This project aims to be able to answers questions on US immigration such as what are the most popular cities for immigration, what is the gender distribution of the immigrants, what is the visa type distribution of the immigrants, what is the average age per immigrant and what is the average temperature per month per city. We extract data from 3 different sources, the I94 immigration dataset of 2016, city temperature data from Kaggle and US city demographic data from OpenSoft. We design 4 dimension tables: Cities, immigrants, monthly average city temperature and time, and 1 fact table: Immigration. We use Spark for ETL jobs and store the results in parquet for downstream analysis.
- I94 Immigration Data: comes from the U.S. National Tourism and Trade Office and contains various statistics on international visitor arrival in USA and comes from the US National Tourism and Trade Office. The dataset contains data from 2016. link
- World Temperature Data: comes from Kaggle and contains average weather temperatures by city. link
- U.S. City Demographic Data: comes from OpenSoft and contains information about the demographics of all US cities such as average age, male and female population. link
staging_i94_df
id
date
city_code
state_code
age
gender
visa_type
count
staging_temp_df
year
month
city_code
city_name
avg_temperature
lat
long
staging_demo_df
city_code
state_code
city_name
median_age
pct_male_pop
pct_female_pop
pct_veterans
pct_foreign_born
pct_native_american
pct_asian
pct_black
pct_hispanic_or_latino
pct_white
total_pop
immigrant_df
id
gender
age
visa_type
city_df
city_code
state_code
city_name
median_age
pct_male_pop
pct_female_pop
pct_veterans
pct_foreign_born
pct_native_american
pct_asian
pct_black
pct_hispanic_or_latino
pct_white
total_pop
lat
long
monthly_city_temp_df
city_code
year
month
avg_temperature
time_df
date
dayofweek
weekofyear
month
immigration_df
id
state_code
city_code
date
count
- Clean the data on nulls, data types, duplicates, etc
- Load staging tables for staging_i94_df, staging_temp_df and staging_demo_df
- Create dimension tables for immigrant_df, city_df, monthly_city_temp_df and time_df
- Create fact table immigration_df with information on immigration count, mapping id in immigrant_df, city_code in city_df and monthly_city_temp_df and date in time_df ensuring referential integrity
- Save processed dimension and fact tables in parquet for downstream query
Spark is chosen for this project as it is known for processing large amount of data fast (with in-memory compute), scale easily with additional worker nodes, with ability to digest different data formats (e.g. SAS, Parquet, CSV), and integrate nicely with cloud storage like S3 and warehouse like Redshift.
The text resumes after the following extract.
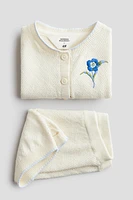 2-Piece Embroidery-Detail Moss-Knit Set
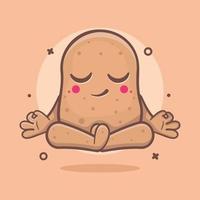 calm potato vegetable character mascot with yoga meditation pose isolated cartoon in flat style design vector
The data update cycle is typically chosen on two criteria. One is the reporting cycle, the other is the availabilty of new data to be fed into the system. For example, if new batch of average temperature can be made available at monthly interval, we might settle for monthly data refreshing cycle.
There are also considerations in terms of scaling existing solution.
-
If the data was increased by 100x: We can consider spinning up larger instances of EC2s hosting Spark and/or additional Spark work nodes. With added capacity arising from either vertical scaling or horizontal scaling, we should be able to accelerate processing time.
-
If the data populates a dashboard that must be updated on a daily basis by 7am every day: We can consider using Airflow to schedule and automate the data pipeline jobs. Built-in retry and monitoring mechanism can enable us to meet user requirement.
-
If the database needed to be accessed by 100+ people: We can consider hosting our solution in production scale data warehouse in the cloud, with larger capacity to serve more users, and workload management to ensure equitable usage of resources across users.